When Lieutenant Meade got back to the conning-tower to make his report,
the two fleets had passed each other in a parallel course. The enemy's
shells had swept the decks of the _Connecticut_ with the force of a
hurricane. The gunners from the port side had already been called on to
fill up the gaps in the turrets on the starboard side. By this time dead
bodies were removed only where they were in the way, and even the
wounded were left to lie where they had fallen.
When large pieces of wood from the burning boats began to be thrown on
deck by the bursting shells, a fresh danger was created, and the attempt
was made to toss them overboard with the aid of the cranes. But this
succeeded only on the port side. The starboard crane was smashed to bits
by a Japanese explosive shell just as it was raising a launch, the same
shot carrying off the third funnel just behind it. When Togo's last ship
had left the _Connecticut_ behind, only one funnel full of gaping holes
and half of the mainmast were left standing on the deck of the admiral's
flag-ship, which presented a wild chaos of bent and broken ironwork.

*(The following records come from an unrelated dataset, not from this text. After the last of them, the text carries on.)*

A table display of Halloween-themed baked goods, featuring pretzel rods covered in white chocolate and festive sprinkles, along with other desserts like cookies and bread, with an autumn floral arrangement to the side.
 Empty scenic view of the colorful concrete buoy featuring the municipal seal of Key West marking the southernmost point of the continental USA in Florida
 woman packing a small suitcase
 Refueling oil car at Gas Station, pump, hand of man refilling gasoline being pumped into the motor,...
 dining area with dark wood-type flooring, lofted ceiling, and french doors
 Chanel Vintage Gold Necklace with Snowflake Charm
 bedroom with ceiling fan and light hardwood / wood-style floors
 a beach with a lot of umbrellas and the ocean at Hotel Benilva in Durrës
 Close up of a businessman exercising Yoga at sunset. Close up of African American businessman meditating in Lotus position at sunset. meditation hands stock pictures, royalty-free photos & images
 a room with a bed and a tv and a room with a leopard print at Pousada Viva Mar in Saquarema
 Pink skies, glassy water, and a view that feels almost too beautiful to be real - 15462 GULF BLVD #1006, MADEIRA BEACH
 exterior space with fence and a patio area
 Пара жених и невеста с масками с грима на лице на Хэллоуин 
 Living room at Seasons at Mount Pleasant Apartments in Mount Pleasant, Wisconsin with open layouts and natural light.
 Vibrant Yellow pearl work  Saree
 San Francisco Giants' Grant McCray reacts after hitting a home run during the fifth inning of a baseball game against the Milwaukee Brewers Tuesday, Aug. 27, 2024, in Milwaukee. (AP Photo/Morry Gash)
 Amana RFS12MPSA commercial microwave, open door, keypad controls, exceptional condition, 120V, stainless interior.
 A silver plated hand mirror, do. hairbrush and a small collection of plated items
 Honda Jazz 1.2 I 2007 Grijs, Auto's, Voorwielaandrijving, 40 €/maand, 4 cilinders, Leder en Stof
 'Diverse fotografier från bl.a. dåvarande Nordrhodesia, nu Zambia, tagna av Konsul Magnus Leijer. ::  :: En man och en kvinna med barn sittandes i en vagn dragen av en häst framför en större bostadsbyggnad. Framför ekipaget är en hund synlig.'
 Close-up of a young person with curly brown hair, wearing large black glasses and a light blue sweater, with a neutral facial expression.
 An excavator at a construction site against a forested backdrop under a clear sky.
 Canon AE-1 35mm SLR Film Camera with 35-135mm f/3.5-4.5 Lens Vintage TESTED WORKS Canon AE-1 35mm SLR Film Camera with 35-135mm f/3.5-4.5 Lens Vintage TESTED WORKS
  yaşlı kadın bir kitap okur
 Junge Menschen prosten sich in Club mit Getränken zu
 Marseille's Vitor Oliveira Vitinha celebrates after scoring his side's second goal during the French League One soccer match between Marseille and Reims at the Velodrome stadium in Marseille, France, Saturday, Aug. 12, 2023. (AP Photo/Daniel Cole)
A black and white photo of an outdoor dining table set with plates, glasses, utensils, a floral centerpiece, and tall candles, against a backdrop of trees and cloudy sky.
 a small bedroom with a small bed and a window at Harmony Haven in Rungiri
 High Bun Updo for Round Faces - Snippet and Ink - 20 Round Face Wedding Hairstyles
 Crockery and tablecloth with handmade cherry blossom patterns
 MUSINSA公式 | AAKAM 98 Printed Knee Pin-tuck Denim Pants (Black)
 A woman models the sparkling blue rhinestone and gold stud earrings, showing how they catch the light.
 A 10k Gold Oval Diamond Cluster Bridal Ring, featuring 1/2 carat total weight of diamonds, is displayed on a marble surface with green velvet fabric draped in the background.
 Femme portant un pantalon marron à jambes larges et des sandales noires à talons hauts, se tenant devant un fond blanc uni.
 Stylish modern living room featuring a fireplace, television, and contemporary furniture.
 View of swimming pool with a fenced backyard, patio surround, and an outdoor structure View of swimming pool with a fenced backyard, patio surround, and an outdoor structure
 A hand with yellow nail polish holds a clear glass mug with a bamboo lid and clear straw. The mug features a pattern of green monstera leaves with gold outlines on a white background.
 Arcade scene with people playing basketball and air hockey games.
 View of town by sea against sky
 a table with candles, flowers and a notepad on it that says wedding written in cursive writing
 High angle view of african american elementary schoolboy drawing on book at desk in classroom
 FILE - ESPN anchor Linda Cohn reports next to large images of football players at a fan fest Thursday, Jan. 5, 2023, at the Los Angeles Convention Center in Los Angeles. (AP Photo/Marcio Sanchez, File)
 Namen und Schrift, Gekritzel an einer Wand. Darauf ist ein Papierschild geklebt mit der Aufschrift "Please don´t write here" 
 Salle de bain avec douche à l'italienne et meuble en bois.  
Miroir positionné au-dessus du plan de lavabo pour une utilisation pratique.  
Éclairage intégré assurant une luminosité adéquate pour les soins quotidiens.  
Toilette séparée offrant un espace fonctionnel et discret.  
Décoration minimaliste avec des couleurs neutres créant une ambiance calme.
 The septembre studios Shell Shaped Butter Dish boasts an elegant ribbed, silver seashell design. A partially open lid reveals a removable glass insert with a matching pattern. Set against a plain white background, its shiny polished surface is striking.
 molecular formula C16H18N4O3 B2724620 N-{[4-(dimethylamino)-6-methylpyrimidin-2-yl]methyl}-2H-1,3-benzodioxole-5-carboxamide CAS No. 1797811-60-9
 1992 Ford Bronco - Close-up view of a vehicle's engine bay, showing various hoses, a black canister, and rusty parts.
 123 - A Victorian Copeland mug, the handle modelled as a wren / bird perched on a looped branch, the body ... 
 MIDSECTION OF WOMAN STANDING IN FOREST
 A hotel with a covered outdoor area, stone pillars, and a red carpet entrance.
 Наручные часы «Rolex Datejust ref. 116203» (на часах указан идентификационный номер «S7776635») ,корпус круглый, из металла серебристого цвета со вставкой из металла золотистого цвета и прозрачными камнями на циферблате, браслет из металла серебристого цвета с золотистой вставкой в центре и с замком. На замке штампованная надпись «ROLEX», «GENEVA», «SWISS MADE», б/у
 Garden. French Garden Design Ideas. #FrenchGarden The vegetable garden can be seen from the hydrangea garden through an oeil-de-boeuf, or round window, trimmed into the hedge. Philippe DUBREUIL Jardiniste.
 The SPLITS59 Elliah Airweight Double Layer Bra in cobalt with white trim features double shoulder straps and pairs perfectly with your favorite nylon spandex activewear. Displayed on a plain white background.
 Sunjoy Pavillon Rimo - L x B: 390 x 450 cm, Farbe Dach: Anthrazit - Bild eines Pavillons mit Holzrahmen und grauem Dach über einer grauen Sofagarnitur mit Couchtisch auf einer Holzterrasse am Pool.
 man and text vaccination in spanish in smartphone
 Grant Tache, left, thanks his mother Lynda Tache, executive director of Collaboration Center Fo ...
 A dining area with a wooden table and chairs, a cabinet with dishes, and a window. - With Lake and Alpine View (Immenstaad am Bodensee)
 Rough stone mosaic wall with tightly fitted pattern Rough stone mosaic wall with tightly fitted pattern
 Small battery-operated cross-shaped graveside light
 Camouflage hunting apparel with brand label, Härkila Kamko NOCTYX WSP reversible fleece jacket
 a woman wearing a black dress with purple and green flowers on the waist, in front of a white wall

Through the ruins of the deck structures rose the flames and thick smoke
from the boilers.
The Japanese ships seemed to be invulnerable in their vital parts. It is
true that the _Satsuma_ had lost a funnel, and that both masts of the
_Kashima_ were broken off, but except for a few holes above the
armor-belt and one or two guns that had been put out of action and the
barrels of which pointed helplessly into the air, the enemy showed
little sign of damage. Those first eleven minutes, during which the
enemy had had things all to himself, had given him an advantage which no
amount of bravery or determined energy could counteract. In addition to
this, many of the American telescope-sights began to get out of order,
as they bent under the blows of the enemy's shells against the turrets.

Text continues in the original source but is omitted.